Friday, April 24, 2009

Hats and Dreams


A friend gave me Vermeer's Hat, a recent history by Timothy Brook subtitled "The Seventeenth Century and the Dawn of the Global World." Until then, I had not been aware of Timothy Brook, an internationally published historian of China, but also a Canadian and a prof at my old alma mater even (and Oxford too).

Vermeer's Hat (the book) considers all the trade links beginning to draw the world together in Brook's seventeenth century -- and does it by following all the many hints about that process that Brook finds in Vermeer's paintings. For instance, Vermeer's hat (the hat, there in the cover painting) was a beaver hat, made from the beaver pelts that had recently begun to flow from Canada to the fashionable heads of Holland.
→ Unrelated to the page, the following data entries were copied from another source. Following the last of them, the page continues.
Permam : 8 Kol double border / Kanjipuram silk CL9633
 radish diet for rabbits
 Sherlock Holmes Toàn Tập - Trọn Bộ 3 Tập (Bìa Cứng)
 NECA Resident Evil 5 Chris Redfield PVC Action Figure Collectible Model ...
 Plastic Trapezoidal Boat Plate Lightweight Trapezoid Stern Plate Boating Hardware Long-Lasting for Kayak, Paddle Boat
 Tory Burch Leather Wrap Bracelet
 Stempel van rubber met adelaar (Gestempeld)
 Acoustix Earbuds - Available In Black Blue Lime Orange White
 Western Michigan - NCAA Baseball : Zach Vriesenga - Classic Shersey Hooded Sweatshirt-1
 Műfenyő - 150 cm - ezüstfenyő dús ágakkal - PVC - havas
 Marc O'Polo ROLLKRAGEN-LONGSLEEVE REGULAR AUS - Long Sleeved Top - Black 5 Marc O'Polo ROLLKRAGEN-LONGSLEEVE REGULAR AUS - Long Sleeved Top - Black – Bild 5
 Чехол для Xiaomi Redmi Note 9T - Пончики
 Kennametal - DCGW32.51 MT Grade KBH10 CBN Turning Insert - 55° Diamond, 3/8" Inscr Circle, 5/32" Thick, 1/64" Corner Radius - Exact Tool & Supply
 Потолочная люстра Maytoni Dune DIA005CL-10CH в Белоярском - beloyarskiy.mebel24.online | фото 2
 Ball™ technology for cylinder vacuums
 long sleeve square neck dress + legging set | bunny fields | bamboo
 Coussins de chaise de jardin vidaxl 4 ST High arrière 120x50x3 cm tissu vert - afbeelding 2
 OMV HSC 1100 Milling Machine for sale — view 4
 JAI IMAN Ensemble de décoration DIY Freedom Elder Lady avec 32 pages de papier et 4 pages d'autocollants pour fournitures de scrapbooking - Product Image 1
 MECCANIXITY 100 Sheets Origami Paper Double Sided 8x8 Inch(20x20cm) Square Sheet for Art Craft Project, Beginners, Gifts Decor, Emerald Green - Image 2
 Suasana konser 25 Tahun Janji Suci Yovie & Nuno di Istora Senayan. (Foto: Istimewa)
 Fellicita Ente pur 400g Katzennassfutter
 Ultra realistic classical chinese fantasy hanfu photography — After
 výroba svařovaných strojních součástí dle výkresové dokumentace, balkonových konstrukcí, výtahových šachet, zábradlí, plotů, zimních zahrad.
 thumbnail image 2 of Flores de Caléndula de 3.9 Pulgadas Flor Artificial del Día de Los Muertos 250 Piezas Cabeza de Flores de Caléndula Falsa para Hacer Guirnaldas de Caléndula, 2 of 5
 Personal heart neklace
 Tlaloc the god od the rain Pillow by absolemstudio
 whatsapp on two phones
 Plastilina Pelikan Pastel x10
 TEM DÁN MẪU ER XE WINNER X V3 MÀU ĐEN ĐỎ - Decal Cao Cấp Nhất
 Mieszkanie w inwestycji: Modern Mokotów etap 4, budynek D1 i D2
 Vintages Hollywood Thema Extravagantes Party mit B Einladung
So an early Brook chapter focusses on Champlain and the Canada-to-Europe fur trade.

Like David Hackett Fischer, whose Champlain biography we were considering the other day, Brook argues Champlain had a "dream." But Brook's Champlain's dream is not Fischer's one of French-Native harmony. For Brook, Champlain really only dreams of getting to China, and he'll walk over his native allies to get there.

Vermeer's Hat just won a new American prize, too: the Mark Lynton History Prize, sponsored by the terrific American writer J. Anthony Lukacs.